Representation of quaternions

If you wish to use linear algebra, there is already a real valued matrix representation of quaternions. I would suggest just using that representation if you want to clarify the content of some equations.

Instead, here quaternion are treated as a column vector (eq 7 of your reference), which leads to you then using two additional representations of quaternions to fit them into a linear algebra setting to represent multiplication. This confuses the mathematical content.
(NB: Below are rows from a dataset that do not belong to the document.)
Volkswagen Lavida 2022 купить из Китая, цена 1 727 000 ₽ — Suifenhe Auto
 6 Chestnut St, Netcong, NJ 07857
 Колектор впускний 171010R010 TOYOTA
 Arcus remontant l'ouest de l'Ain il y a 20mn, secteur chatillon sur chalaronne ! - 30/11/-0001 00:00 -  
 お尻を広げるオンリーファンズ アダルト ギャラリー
Using the definitions in your reference:

$$ [a + x\ i + y\ j + z\ k]_L = \begin{bmatrix} a & -x & -y & -z \\ x & a & -z & y \\ y & z & a & -x \\ z & -y & x & a \\ \end{bmatrix}$$

$$ [a + x\ i + y\ j + z\ k]_R = \begin{bmatrix} a & -x & -y & -z \\ x & a & z & -y \\ y & -z & a & x \\ z & y & -x & a \\ \end{bmatrix}$$

That then means:

$$[zk]_L\ [yj]_R = \begin{bmatrix} 0 & 0 & 0 & -z \\ 0 & 0 & -z & 0 \\ 0 & z & 0 & 0 \\ z & 0 & 0 & 0 \end{bmatrix} \begin{bmatrix} 0 & 0 & -y & 0 \\ 0 & 0 & 0 & -y \\ y & 0 & 0 & 0 \\ 0 & y & 0 & 0 \end{bmatrix} = \begin{bmatrix} 0 & -yz & 0 & 0 \\ -yz & 0 & 0 & 0 \\ 0 & 0 & 0 & -yz \\ 0 & 0 & -yz & 0 \end{bmatrix} $$

Which doesn't fit the form for any of the previous representations of a quaternion.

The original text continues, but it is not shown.